Klaus Schären wrote:
Hi
i have the following table definition:
CREATE TABLE Pistor (Nummer INTEGER PRIMARY KEY NOT NULL, Artikel TEXT NOT
NULL DEFAULT '', Inhalt TEXT NOT NULL DEFAULT '')
In addition, I have created the following index:
CREATE UNIQUE INDEX xPistor ON PISTOR(ARTIKEL, NUMMER)
when i run a query with "order by artikel", sqlite returns the result very
fast.
Query: SELECT ARTIKEL, NUMMER FROM PISTOR ORDER BY ARTIKEL
when i run a quey with "order by artikel, nummer" (witch is exactly the
index xPistor!), sqlite takes longer.
Query: SELECT ARTIKEL, NUMMER FROM PISTOR ORDER BY ARTIKEL, NUMMER
i run the explain command with both querys. with the second query, sqlite
makes a sort. is this ok? why does sqlite not use the index xPistor?
i try the query with different versions of sqlite (3.2.8, 3.3.1 and 3.3.2).
I have also running the ANALYZE command. but nothing is changing.
the test db is included in the attached zip.
thanks for your help
K. Schären
Klaus,
You have defined the field Nummer as a primary key. Therefore, each row
will have a unique value of Nummer. Your second index will enforce a
rule that all pairs of Artikel and Nummer must be unique, but that must
always be true since all values of Nummer are unique, regardless of the
value of Artikel.
The fact that Nummer is a primary key seems to confuse the optimizer for
this query. If I remove the primary key part of the definition from the
field Nummer, and use the explicit unique index you defined, then the
second query uses that index. When I do this:
CREATE TABLE Pistor2 (Nummer INTEGER NOT NULL, Artikel TEXT NOT
NULL DEFAULT '', Inhalt TEXT NOT NULL DEFAULT '')
CREATE UNIQUE INDEX xPistor2 ON PISTOR2(ARTIKEL, NUMMER)

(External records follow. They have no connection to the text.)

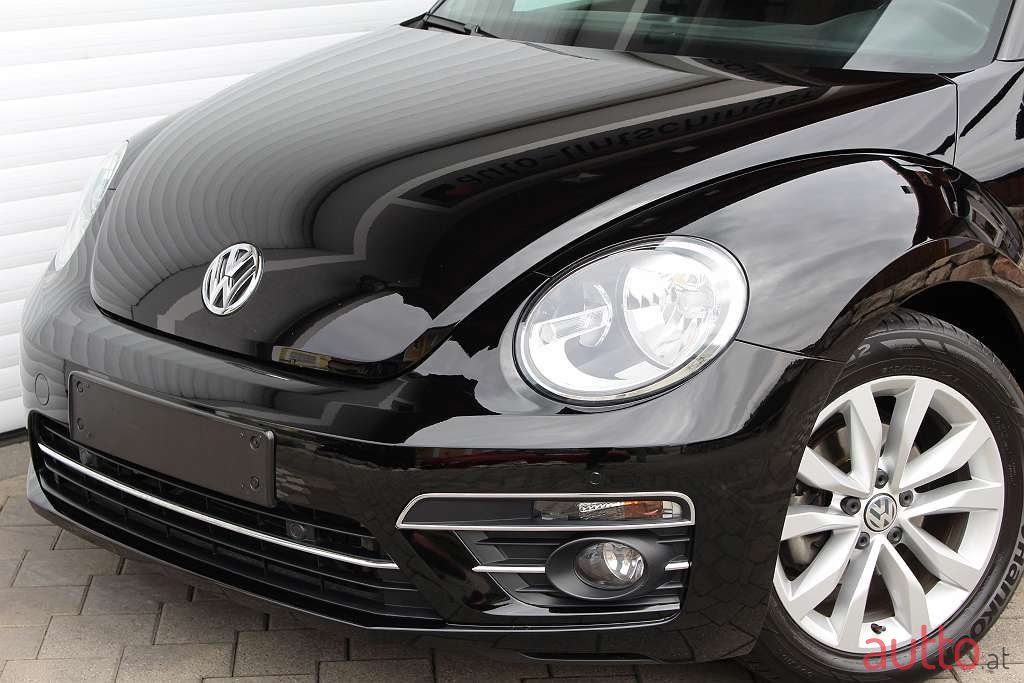 2018' Volkswagen Beetle photo #6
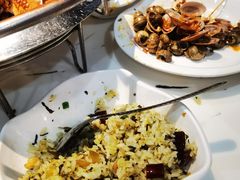 -凤凰路何眼镜香辣蟹(花果园店)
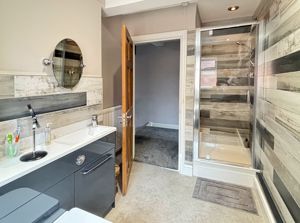 Photo 19- click for photo gallery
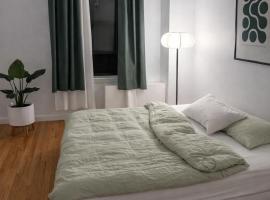 Elegant NYC Apartment with Designer Touches, hotel em Nova York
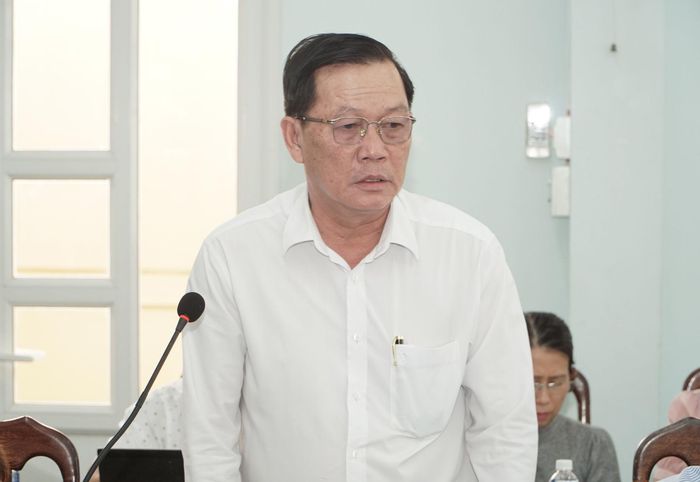 Phó Bí thư Đảng ủy, Chủ tịch UBND phường Hàm Thắng Trần Ngọc Hiền báo cáo tại buổi làm việc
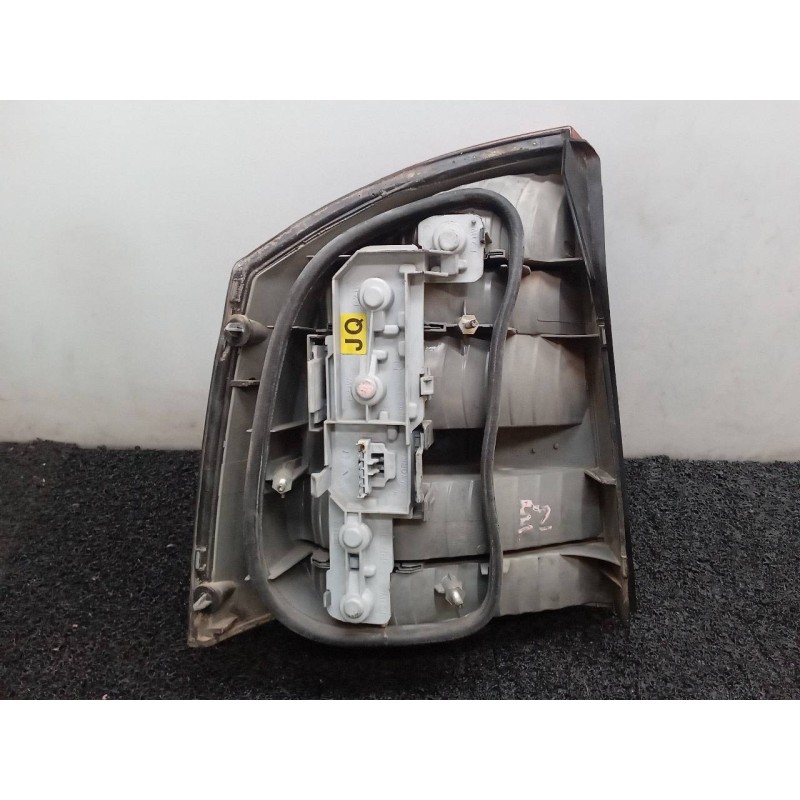 Recambio de piloto trasero derecho para opel vectra c berlina comfort referencia OEM IAM 2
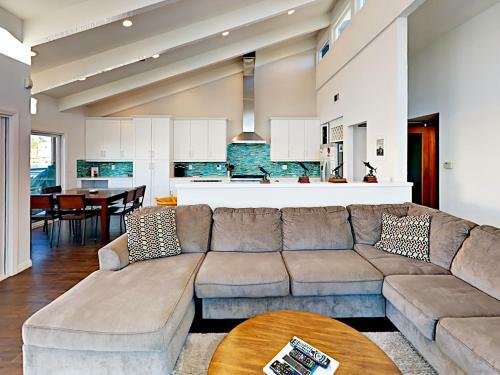 Waterfront Gem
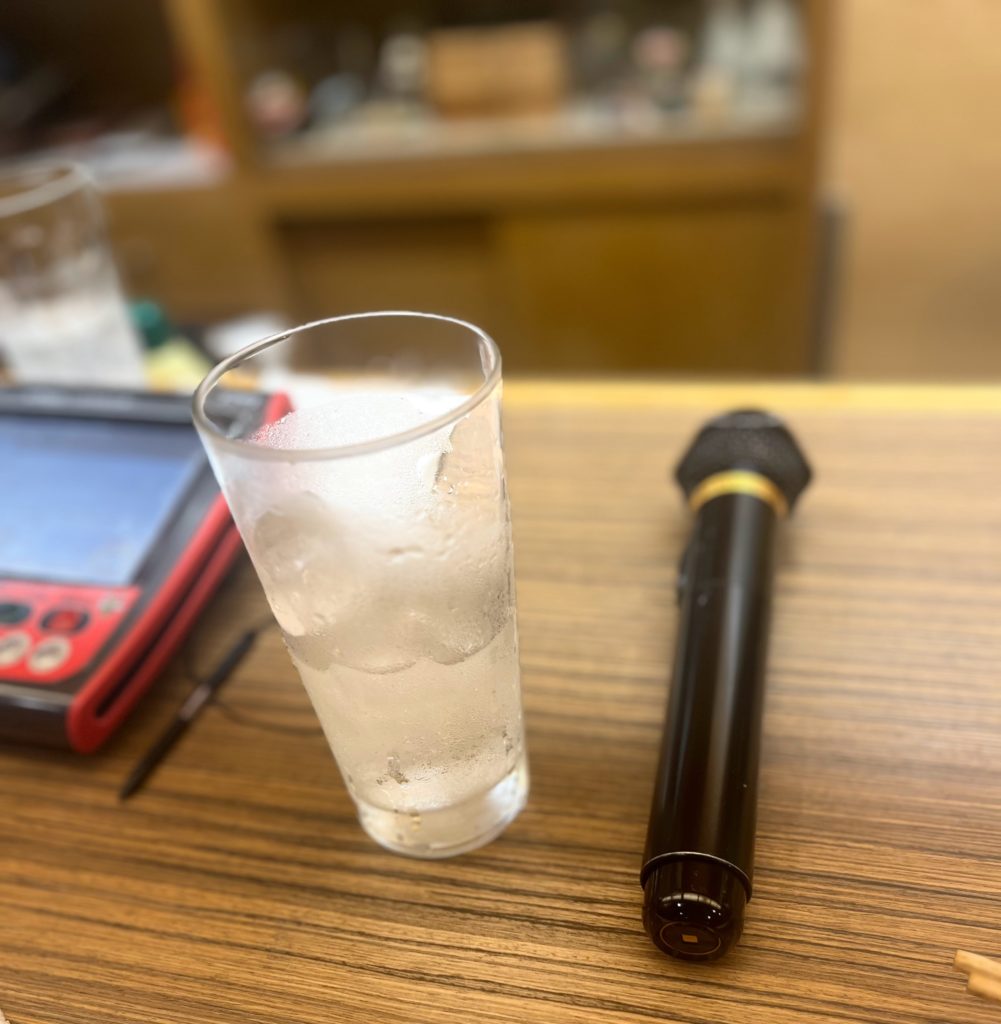 居酒屋と思ったらカラオケ喫茶？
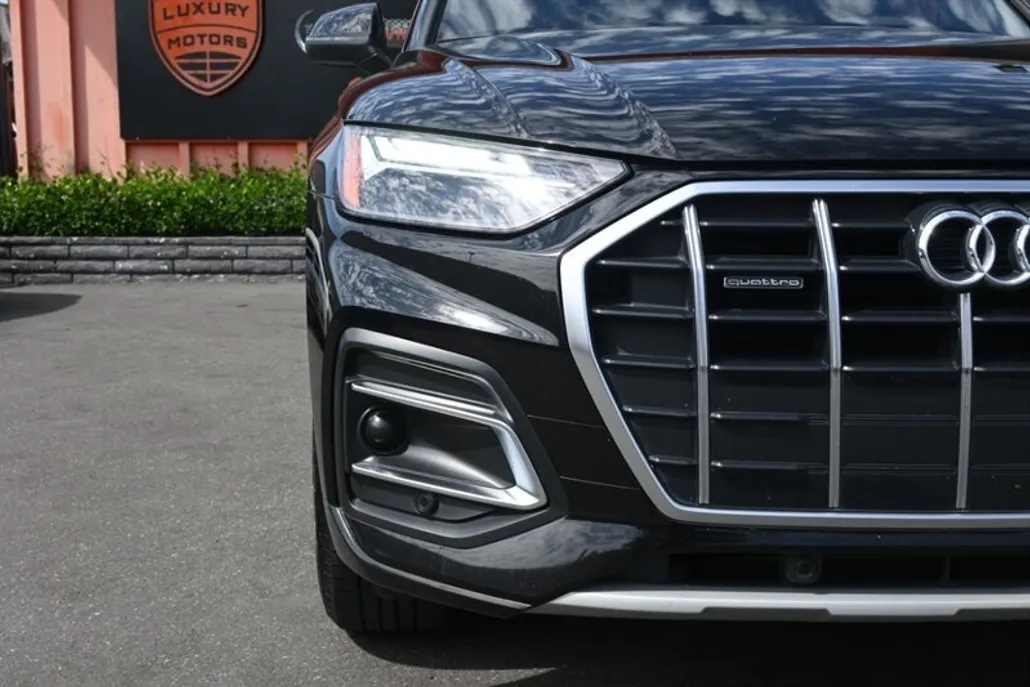 2022 Audi Q5 Premium 40 TFSI photo 1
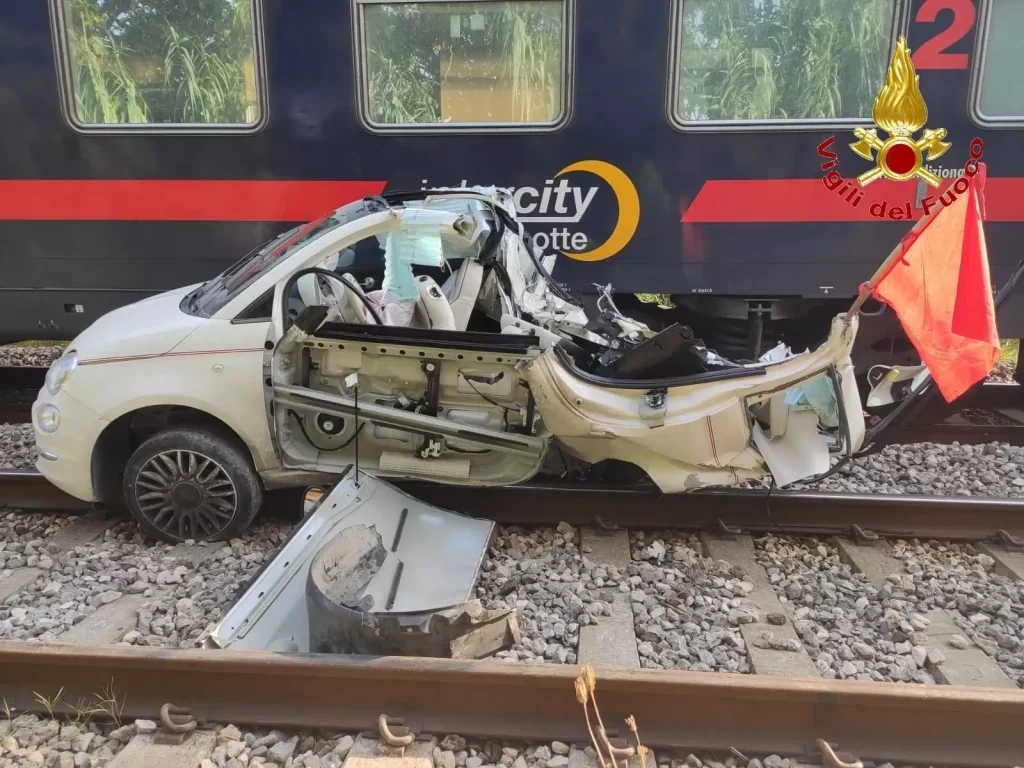 auto maddaloni treno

insert into pistor2 select * from pistor
explain query plan SELECT ARTIKEL, NUMMER FROM PISTOR ORDER BY ARTIKEL, NUMMER
the query plan shows that the index is being used, and an explain
command shows that the sort is not done.
I think you have found an issue (I won't call it a bug because the query
does work correctly) with the optimizer. Your first query uses the index
because the output list is not ordered by Nummer, so the implicit index
on Nummer is not of any use, and the optimizer then find the other index
and uses it. The second query seems to think that it can use the
implicit index on Nummer to do part of the ordering, and since SQLite
only uses one index per table scan it can't use the explicit index. Then
it determines that it needs to do a sort to order by Artikel. My change
removes the implicit index on Nummer, so then it finds and uses the
explicit index to scan the table in the correct order.